Since 2001 I have been a self-employed editor, writer, and translator for the World Bank and several other steady clients.
A decade as a successful association publications director at NAFSA: Association of International Educators (1990–2000) taught me to apply the publisher’s and the reader’s perspectives simultaneously in all my projects.
I did my first professional translations at age 23 while working at the Paris offices of Cleary, Gottlieb, Steen & Hamilton on the Avenue Friedland in Paris. I left Paris to pursue a master's in international relations at Yale, graduating in 1977 with an interest in international organizations. Back in Washington, I took a job as office administrator for a patent litigation firm, moonlighting by writing about law firms' forays into the DC commercial real-estate market, translating thousands of pages of legal and commercial French (including scores of patents) for local translation agencies, and editing scholarly articles. As the stagflation and gas lines of the 1970s shaded into Reagan's rosy morning in America, I also led a group of tenants in converting a lovely old DC apartment building to condominiums.
During the 1980s I was director of international affairs at the American Psychological Association, leading the efforts of that large professional body in protesting U.S. involvement in the dirty wars of the 1980s and helping to temper the Soviets' shameful treatment of Andrei Sakharov and other dissidents. Several years as a proposal writer for Booz Allen and a busy year as wine manager for a high-end grocery chain in the Washington area were an unlikely segue to my job as director of publications at NAFSA (mentioned above), where my proudest accomplishments were to found and shape the association's four-color quarterly, International Educator, and to create a corporate sponsorship program—partly based on publications—that put the association on a very stable financial footing. Beginning in 1998, toward the end of my tenure at NAFSA, I championed the creation of a certification program for foreign student advisers that the association's board, fearing that certification would open the door to government meddling in university affairs, voted down—about two years before 9/11.
At NAFSA I participated in the early efforts of France's universities (aided by the foreign ministry) to make the French system of higher education more comprehensible and attractive to students from the rest of the world. Those efforts were led by Pierre Collombert of the Franco-American Fulbright Commission, and France Gamerre of the University of Aix-Marseille III. It was the early days of the the so-called Bologna process that was to transform higher education systems across Europe.

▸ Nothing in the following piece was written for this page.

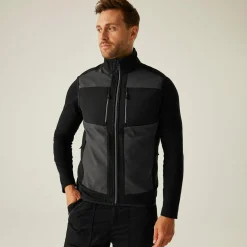 Regatta E-Volve Homme Gilet softshell à capuche 2 épaisseurs |<Homme Vestes Sans Manches|Vestes Sans Manches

My work with those French pioneers led to a working partnership of 20 years' standing with Campus France, the national agency responsible for promoting French higher education to the rest of the world. Over those years, France has succeeded in enlarging and diversifying its foreign-student population. I am proud of my small part in that success.
Each succeeding stage of my professional life has been more satisfying than the one before it. That is to say not only that my years as a freelance editor and translator have been and remain enjoyable, but also that I have every reason to expect that the next phase will be even better. I hope it will be a creative one, as I have much I want to say and do.